Ehsan Vahabzadeh Asbaghi (University of Manchester)

Description

The increasing need for hydrogen storage on a large scale has motivated new ideas on different methods of underground storage. Saline aquifers may offer a practical option for hydrogen storage due to their geographic availability and large capacity. However, reservoir engineering aspects of the injection and withdrawal of hydrogen in aquifers are yet to be understood. While 3D reservoir simulations offer rigorous but they are computationally demanding. Alternatively, sharp-interface models can be implemented to still get an accurate description of fluid flow in the porous medium and have less complexity compared to widely-used 3D simulators.

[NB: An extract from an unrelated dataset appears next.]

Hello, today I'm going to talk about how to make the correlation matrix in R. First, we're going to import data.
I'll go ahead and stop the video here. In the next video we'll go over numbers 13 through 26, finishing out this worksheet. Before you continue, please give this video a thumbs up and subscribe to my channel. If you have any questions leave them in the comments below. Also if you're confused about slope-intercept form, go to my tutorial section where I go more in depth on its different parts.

Sharp-interface models are based on the vertical equilibrium concept that considers the presence of a sharp interface between two phases due to the significant density difference between brine and gas and can be applied to reservoirs with a high aspect ratio that makes the vertical fluid flow negligible compared to horizontal flow. The sharp-interface model is widely utilized to study CO2 injection in saline aquifers, so it can also be valid for hydrogen and brine systems, as hydrogen is much lighter than CO2.

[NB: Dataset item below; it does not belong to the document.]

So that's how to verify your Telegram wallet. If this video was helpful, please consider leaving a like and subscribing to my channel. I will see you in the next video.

In this study, the sharp-interface model from MRST-co2lab is utilized to simulate hydrogen storage in the Johansen formation. The Johansen saline aquifer is one of the large-scale CO2 storage prospects that also have the criteria of the vertical equilibrium approach. This study aims to understand how the difference in densities and viscosities between CO2 and H2 impacts the performance of storage and withdrawal efficiency. For this purpose, CO2 and H2 are injected and withdrawn for four cycles under similar operational conditions and reservoir properties. As CO2 has a higher density and viscosity, its concentration would be higher in areas close to the wellbore, but the hydrogen spreads widely throughout the reservoir. Additionally, the storage ability of H2 is lower than CO2 due to its higher gravity override, though its withdrawal ability is higher than CO2.